OECD cuts 2016 growth forecast, addresses risks emerging markets
PARIS - Agence France-Presse
AFP photoThe Organization for Economic Cooperation and Development (OECD) on Feb. 18 cut its 2016 economic growth forecast to 3 percent from 3.3 percent owing to disappointing data, sluggish demand, weak investment and a high risk of financial instability.
“Financial instability risks are substantial,” the 34-member OECD said in its latest interim outlook, urging a strong collective response to combat sagging global growth, which it predicts will not surpass 2015’s already pallid showing.
The Paris-based body trimmed its outlook for this year as growth slows in many emerging countries and advanced economies only expected to achieve modest recovery after a 2015 that saw the slowest growth in five years.
In its November outlook, the OECD had already downgraded its initial 2016 estimate, citing stagnating trade amid a slowdown in China. But it said it felt compelled to make a further downward revision both for this year while also revising downward an initial November projection for 2017 to 3.3 percent from 3.6 percent.

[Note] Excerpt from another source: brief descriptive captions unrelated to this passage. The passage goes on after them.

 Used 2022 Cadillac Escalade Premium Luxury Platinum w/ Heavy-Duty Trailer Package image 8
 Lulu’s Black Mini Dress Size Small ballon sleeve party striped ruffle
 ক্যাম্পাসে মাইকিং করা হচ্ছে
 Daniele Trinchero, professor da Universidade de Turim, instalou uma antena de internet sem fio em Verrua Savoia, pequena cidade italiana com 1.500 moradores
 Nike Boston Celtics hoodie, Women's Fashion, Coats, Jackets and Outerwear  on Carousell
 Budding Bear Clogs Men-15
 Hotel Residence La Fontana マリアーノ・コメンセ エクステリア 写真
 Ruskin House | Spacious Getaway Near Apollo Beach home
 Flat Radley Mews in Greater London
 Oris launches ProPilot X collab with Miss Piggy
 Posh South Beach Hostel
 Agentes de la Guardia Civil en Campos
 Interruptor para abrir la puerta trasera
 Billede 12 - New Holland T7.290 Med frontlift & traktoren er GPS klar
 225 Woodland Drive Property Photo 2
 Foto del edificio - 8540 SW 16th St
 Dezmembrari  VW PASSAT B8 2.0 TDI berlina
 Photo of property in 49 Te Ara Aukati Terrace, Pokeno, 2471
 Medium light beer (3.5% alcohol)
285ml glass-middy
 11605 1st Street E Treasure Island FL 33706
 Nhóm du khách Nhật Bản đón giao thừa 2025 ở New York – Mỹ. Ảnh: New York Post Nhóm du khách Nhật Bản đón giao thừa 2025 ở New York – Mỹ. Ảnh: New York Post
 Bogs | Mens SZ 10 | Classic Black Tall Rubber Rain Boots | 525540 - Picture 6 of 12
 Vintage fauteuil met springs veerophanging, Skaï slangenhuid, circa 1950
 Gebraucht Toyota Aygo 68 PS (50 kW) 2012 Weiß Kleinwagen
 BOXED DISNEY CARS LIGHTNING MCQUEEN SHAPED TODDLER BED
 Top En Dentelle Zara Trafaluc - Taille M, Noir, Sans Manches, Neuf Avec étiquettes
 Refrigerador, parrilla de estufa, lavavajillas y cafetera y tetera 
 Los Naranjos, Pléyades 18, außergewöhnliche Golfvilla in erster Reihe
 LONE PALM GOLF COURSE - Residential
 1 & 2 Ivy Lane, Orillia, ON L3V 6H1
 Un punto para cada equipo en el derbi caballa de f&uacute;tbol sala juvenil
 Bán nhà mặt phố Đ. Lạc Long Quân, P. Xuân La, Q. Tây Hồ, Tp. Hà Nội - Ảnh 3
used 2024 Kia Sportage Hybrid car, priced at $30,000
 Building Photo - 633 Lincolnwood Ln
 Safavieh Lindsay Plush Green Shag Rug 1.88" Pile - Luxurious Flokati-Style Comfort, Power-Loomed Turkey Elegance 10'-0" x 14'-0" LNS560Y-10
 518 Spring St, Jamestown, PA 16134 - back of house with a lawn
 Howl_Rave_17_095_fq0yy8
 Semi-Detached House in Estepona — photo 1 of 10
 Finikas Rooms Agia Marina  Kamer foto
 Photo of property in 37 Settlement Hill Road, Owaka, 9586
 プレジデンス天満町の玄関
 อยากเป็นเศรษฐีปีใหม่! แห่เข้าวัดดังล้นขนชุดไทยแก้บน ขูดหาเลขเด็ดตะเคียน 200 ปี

“A stronger collective policy response is needed to strengthen demand,” said the organization, noting “contractionary” fiscal policy in many major economies amid slowing structural reform.
Organization identifies risks
The organization identified furthers risk as emerging market currency volatility and debt, notably in Russia, Turkey and Brazil.
It that added poor growth prospects were pushing down equity prices, helping to spark the market volatility seen in recent weeks.
“Structural reform momentum has slowed,” added the OECD, identifying a combination of negatives affecting the global outlook, with fuel and commodity prices in a trough amid sluggish demand while China stays stuck in third gear.
“Monetary policy cannot work alone” to achieve sustained growth, warned the OECD as it noted projected growth rates which “are the lowest in the past five years and well below long-run averages.”
The body said that whereas relatively healthy growth in emerging countries had in previous years partially compensated for a slowdown in emerging nations, this was currently no longer the case.
“Global GDP growth is projected to be no higher than in 2015, itself the slowest pace in the past five years,” it concluded.